Но зато остались у меня лиса да петел, волк да заяц, заяц да волк, лиса да Петя.
Ах, ты лисонька лиса, блядская морда, ах, ты петушок, орун, веселая тушка, ах, ты волк, щелкун, ах ты заяц — пушная торба,
. . . . . . . . . . . . . . . . . . . . . . . . . . . . . . . были вы мне женою, сыном и мужем.
Эх да ух! Поймали лису бабы, любо, люто их глазу сверкала шкурка, уж любили они ее нежно, лупили слабо. Хороша получилась у бабы одной шубка.
Но зато остались у меня петел Петя, волк да заяц, заяц да волк, волк да петел. . . . . . . . . . . . . . . . . . . . . . . . . . . . . . . . ах, ты петушок Петрович, веселая тушка, ах, ты волк, горечь моя, ах, ты заяц черный, . . . . . . . . . . . . . . . . . . . . . . . . . . . . . . . были вы мне женой и мужем.
Мама, мама! поймали фашисты Петю, оторвали хвост его многоцветный, угрюмый гребень (я глядел, убогий, тогда в бинокль), ветер донес до меня, отразил в небе крик петелиный да мокрый орла клекот.
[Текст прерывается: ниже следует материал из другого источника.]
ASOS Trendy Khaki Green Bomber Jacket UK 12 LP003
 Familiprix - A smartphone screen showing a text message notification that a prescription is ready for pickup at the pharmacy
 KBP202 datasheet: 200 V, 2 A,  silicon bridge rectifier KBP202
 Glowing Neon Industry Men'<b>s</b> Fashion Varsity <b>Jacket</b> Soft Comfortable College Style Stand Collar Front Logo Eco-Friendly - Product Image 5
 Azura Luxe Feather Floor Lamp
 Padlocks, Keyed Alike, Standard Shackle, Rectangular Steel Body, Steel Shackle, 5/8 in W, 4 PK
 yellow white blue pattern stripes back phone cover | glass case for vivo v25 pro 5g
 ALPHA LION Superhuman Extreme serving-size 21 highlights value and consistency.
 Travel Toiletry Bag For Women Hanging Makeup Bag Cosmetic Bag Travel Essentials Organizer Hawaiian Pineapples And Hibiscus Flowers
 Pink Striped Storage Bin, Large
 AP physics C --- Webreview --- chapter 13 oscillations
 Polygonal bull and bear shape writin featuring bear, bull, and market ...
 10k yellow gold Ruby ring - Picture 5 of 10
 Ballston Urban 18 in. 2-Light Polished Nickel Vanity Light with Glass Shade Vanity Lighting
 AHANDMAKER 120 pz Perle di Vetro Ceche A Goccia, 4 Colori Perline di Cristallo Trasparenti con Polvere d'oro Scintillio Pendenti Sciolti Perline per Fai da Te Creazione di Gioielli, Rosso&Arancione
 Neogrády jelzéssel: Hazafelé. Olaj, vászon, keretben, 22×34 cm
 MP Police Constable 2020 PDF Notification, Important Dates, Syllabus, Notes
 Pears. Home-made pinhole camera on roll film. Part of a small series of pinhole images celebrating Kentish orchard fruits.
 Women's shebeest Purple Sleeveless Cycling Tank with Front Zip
Но зато остались у меня волк да заяц, волк да заяц, заяц да волк, волк да заяц. . . . . . . . . . . . . . . . . . . . . . . . . . . . . . . . . . . . . . . . . . . . . . . . . . . . . . . . . . . . . . . ах, ты волк последний, ах, ты заяц последний . . . . . . . . . . . . . . . . . . . . . . . . . . . . . . . были вы мне кем-то и кем-то.
Скоро, скоро придут и за мной и возьмут руку, и возьмут ногу мою, и возьмут губы, даже синие глазки твои у меня отнимут, все возьмут — только волчью и заячью муку не отнять им, ибо терпеть — убыль, а они не хотят ни терпеть, ни гибнуть.
Ибо скоро конец голубой и быстрый, ультракрасный и медленный, будто карри, будет волк рычать, будет заяц биться, будет масло пускать золотые искры, будут ждать меня многоумные твари, будут плавать в уме, как в лазури, лица: кот и петух, петух и лисица.